Take a bowl of macaroni. Dump it into a blender. Blend it until it reaches the consistency of bread dough. Then, if you know how, take what minute flavour it has in it and SUCK it out. Then put just a little bit of brown coloring in it, just enough to remind yourself that, Yes, my own feces have gone into this. Oh, and don’t forget to put in that one magical ingredient that gives it the same glorious aftertaste that you would get from swallowing an aspirin dry. Jam it into an empty tube of toothpaste. And ENJOY!

Continues eating out of tube.

the month of me: icarus 54, scene 5

a real penitentary

Sometimes, when it’s really late… and I’m scared to go to sleep… I try and imagine I’m in one of those old time prisons, a real penitentiary. I picture it all around me, cement and iron and cold steel, row after row of cells, each cell holding shadowy men, all you can see of them are these scarred, tattooed arms hanging out the bars and the red coal glow of the occasional cigarette. Stale tobacco and the stench of old sweat pulls at my nose. I can hear it ALL. The sounds, coming from from every direction, these brutal conversations passing from cage to cage, the taunting and the insults — Come on PIGEON come on be my pigeon say yes come on say yes you STUPID LITTLE TURD!!, the sound of bars rattling and closing — CLANG tink tinktinktink TUNK!, the guards stamping their boots as they go from cell to cell, barking at prisoners — kunk… kunk… kunk… kunk… kunk… kunk… kunk… I said WAKE UP!!, the almost silent “huh huh huh huh huh huh huh huh huh” from the pair in the next cell. And the whispers, floating silently through the whole place — pssspsss pssspssss pssssss psssss pssss psssssssssssss…..

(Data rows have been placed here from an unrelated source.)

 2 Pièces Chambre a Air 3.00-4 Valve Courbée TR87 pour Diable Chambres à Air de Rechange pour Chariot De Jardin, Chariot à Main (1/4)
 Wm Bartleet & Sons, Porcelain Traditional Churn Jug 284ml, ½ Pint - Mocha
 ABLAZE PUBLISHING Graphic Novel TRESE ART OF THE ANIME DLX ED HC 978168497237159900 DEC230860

And I can see me in the middle of this. Unshaven. Hair greased back. Smoking. I’m a CON-VICT. And I look cool, tough, laid back, almost suicidally calm. I’m the king of this castle. It’s my domain. You want something, I’m your man. You gotta problem, I’m the solution. I’m never getting out of here, but that’s… OK. Because out there, the world is long long ago dead. I am alive. Caged, beaten, in Death’s eye at every turn, but I am ALIVE.

A guard stops at my cell-

Hey. Duke.

(That’s what they call me. “Duke”.)

Hey. Duke. Time to move.

I take a looonngg, slow drag on my cigarette. Then, I raise my head a bit, just a bit, so I can stare at him through my half closed eyes-

I ain’t quite ready at this par-tic-u-lar moment. Why don’t you get back to me later? Okay… “pal”?

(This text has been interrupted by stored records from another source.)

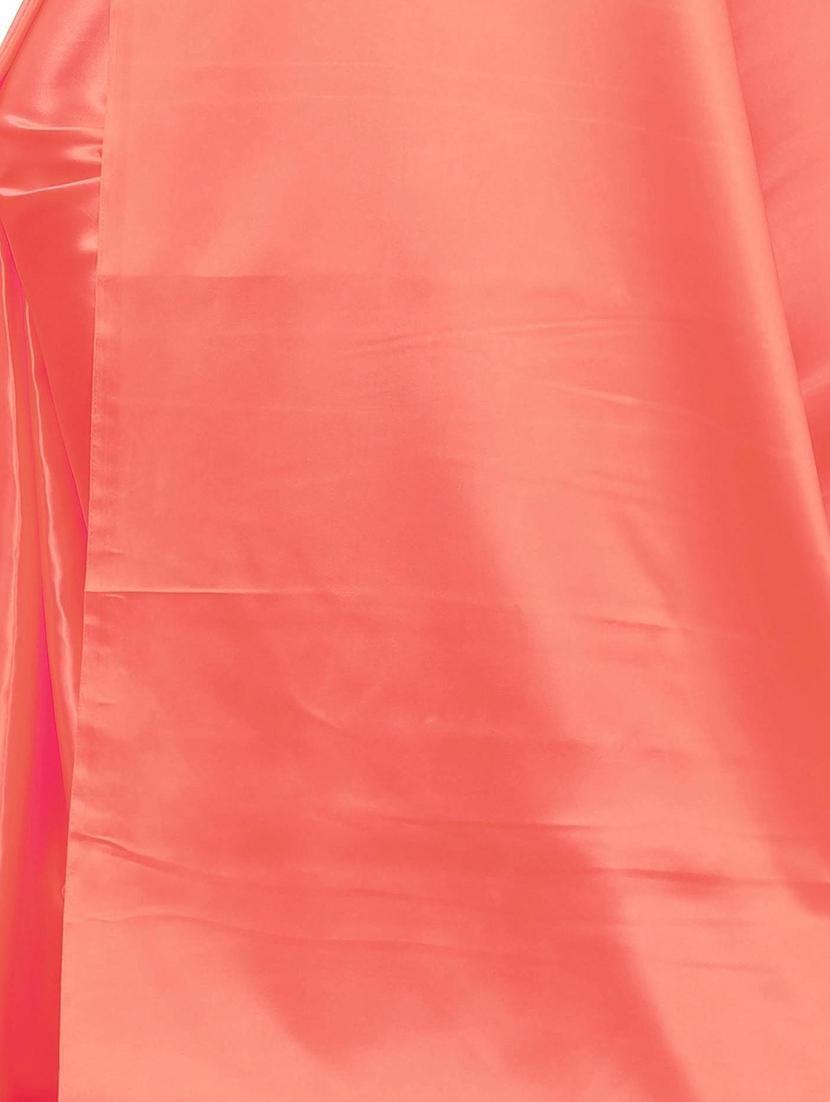 orange solid plain saree with blouse - 19617610 - Standard Image - 3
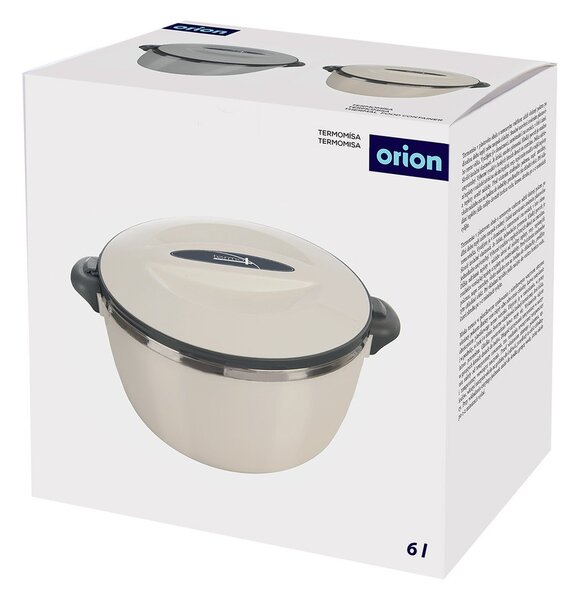 Kremno bela termovka za hrano 6 l Termo – Orion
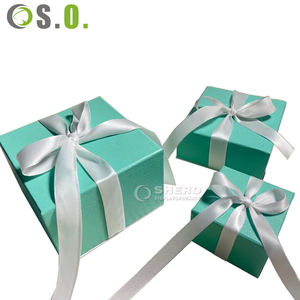 Caja de Papel para Joyería de Diseño Premium, Caja de Papel de Alta Calidad para Pulseras y Collares, Caja de Papel Personalizada para Juegos de Joyería con Lazo - Product Image 6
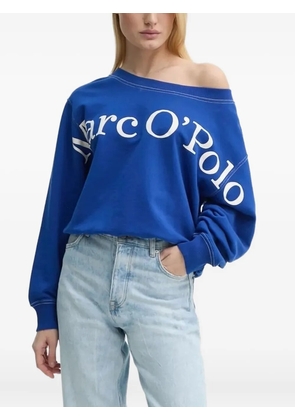 Marc O'Polo logo-print sweatshirt - Blue
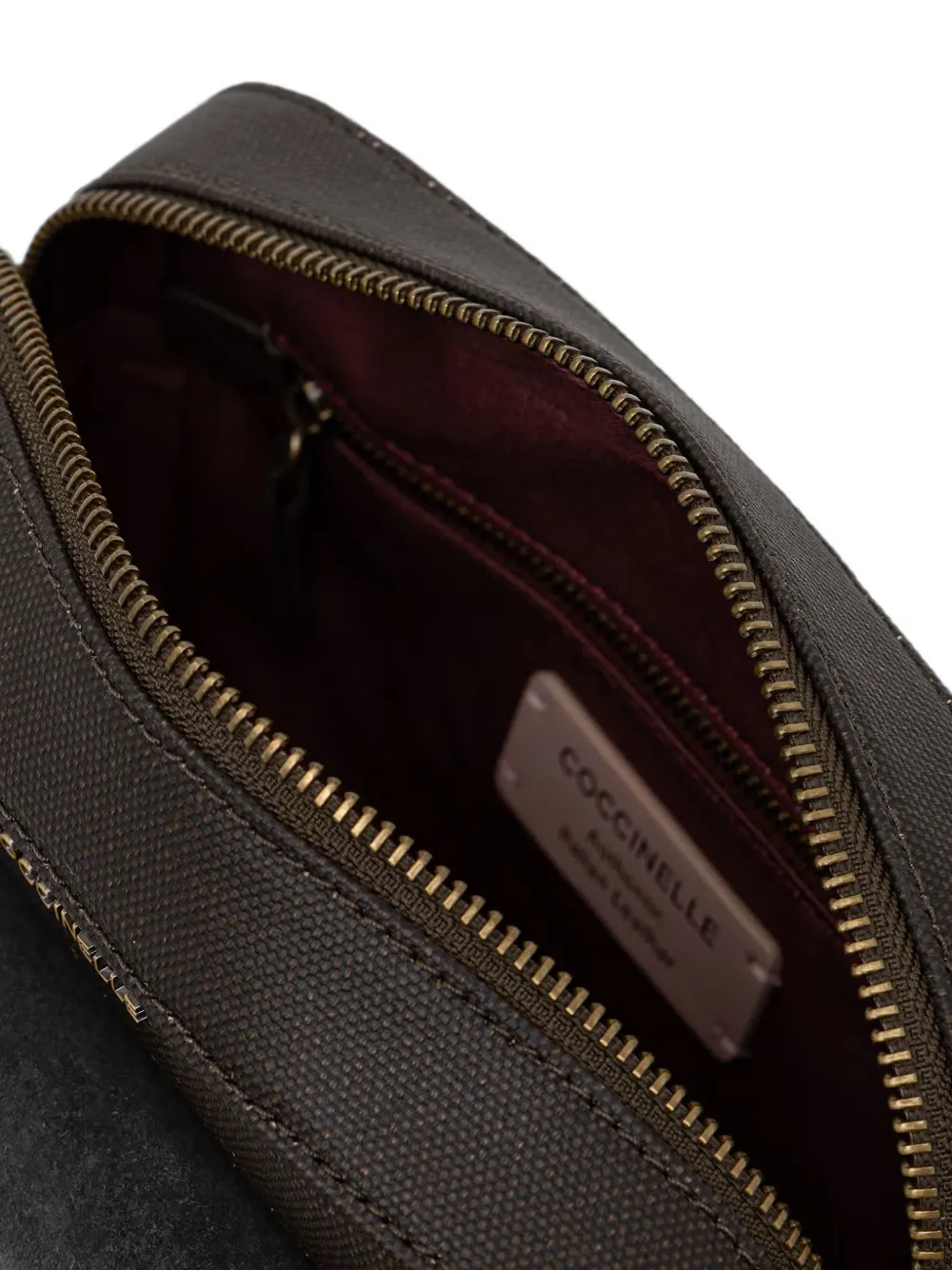 Coccinelle Crossbodytas met suède omslag Bruin
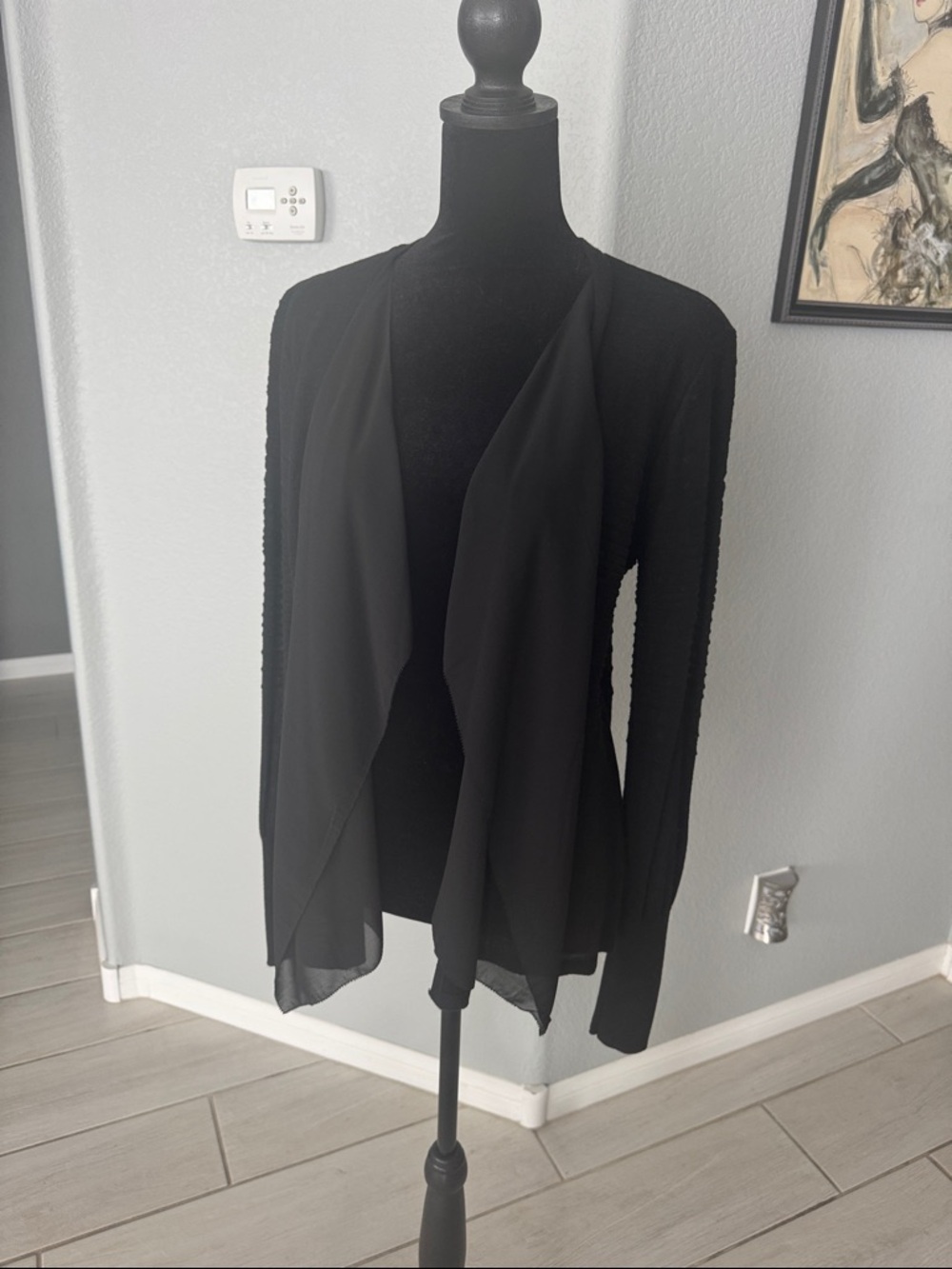 Simply Vera Lightweight Black Open-Front Cardigan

I can feel this crackle of pain as he smashs my fingers into the bars with his billy club.

AAA! CHRIST! You dumb SHIT!

He throws open my door and shoves me into the far wall. I can hear the sound of boots pounding as the other guards run to my cell. They start to work me over. My world dissolves into flashes of pain and force. I can feel the butt end of a club smash into my jaw — AAAW! — loosening teeth. Boots — HUH! — crash into my legs and stomach. Their slobber flies out of their slack mouths onto my face. Uunnnnnnhhhhh… I feel a wave of sick fall over me as a heel grinds into my crotch. The whole time they wear these ugly rotten teeth smiles… Eventually it’s over. I’m nothing but a mass of pulp on the floor. But as they leave, I raise my head, and with my swollen, half closed eyes, I stare each of those bastards down and they know, oh they know, that they can’t beat me. I can never be beaten.

I don’t quite have that same self image here.

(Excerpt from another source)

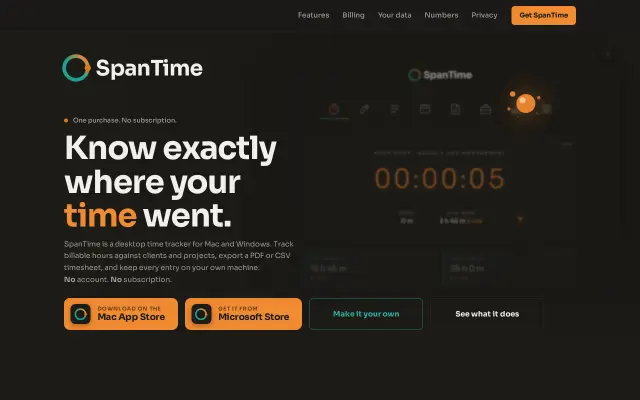 SpanTime preview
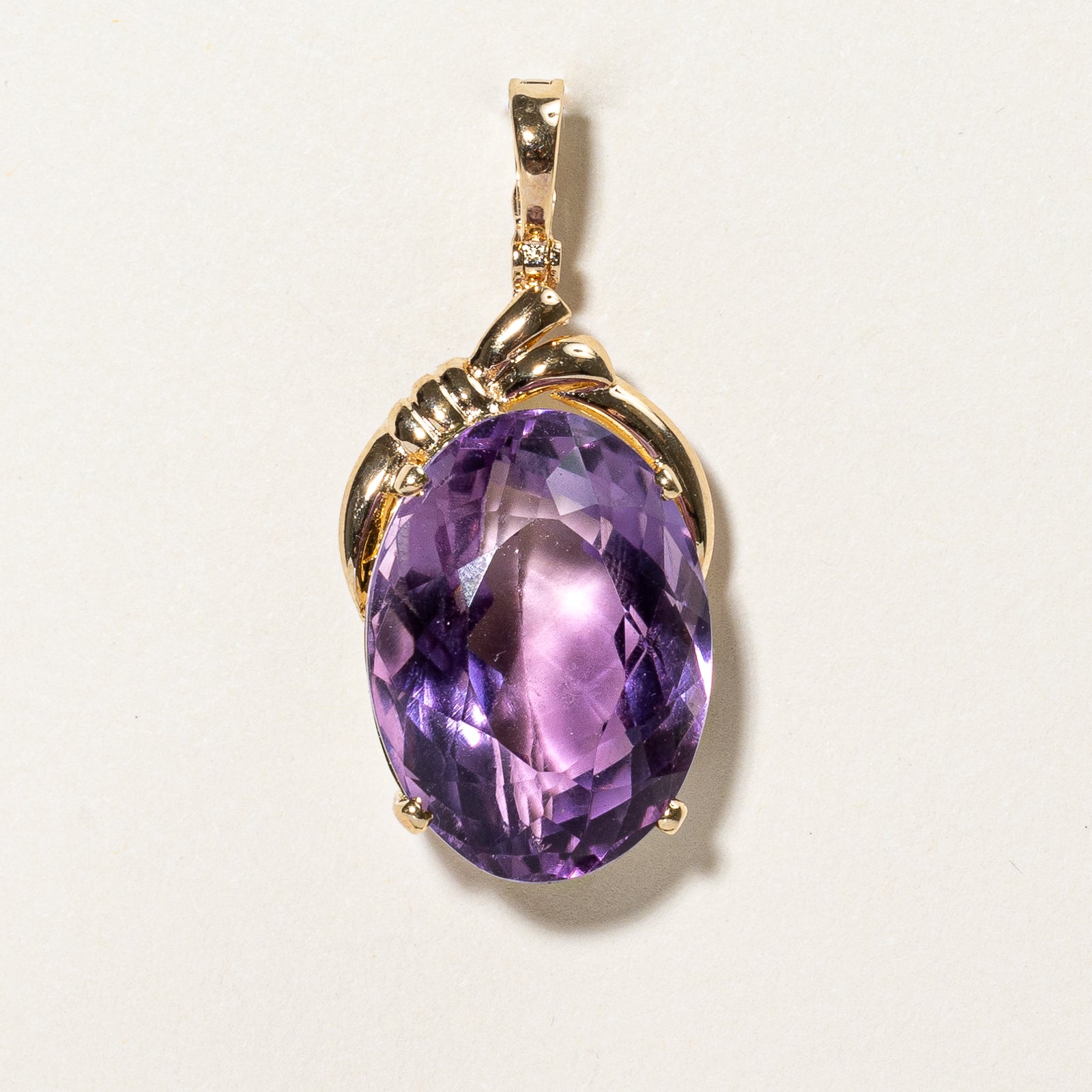 Vintage Amethyst Pendant | 28.00ct |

I don’t have ANY self image here. I couldn’t tell you for certain what I look like now, all of me at once.

Holds up tiny mirror.

Just TRY and take a look at your whole body in one of these. I can only catch parts of me at once and then I have to try and piece the different images together in my head. Patchworkman.

But I guess it really doesn’t matter what it look like. Who am I going to impress?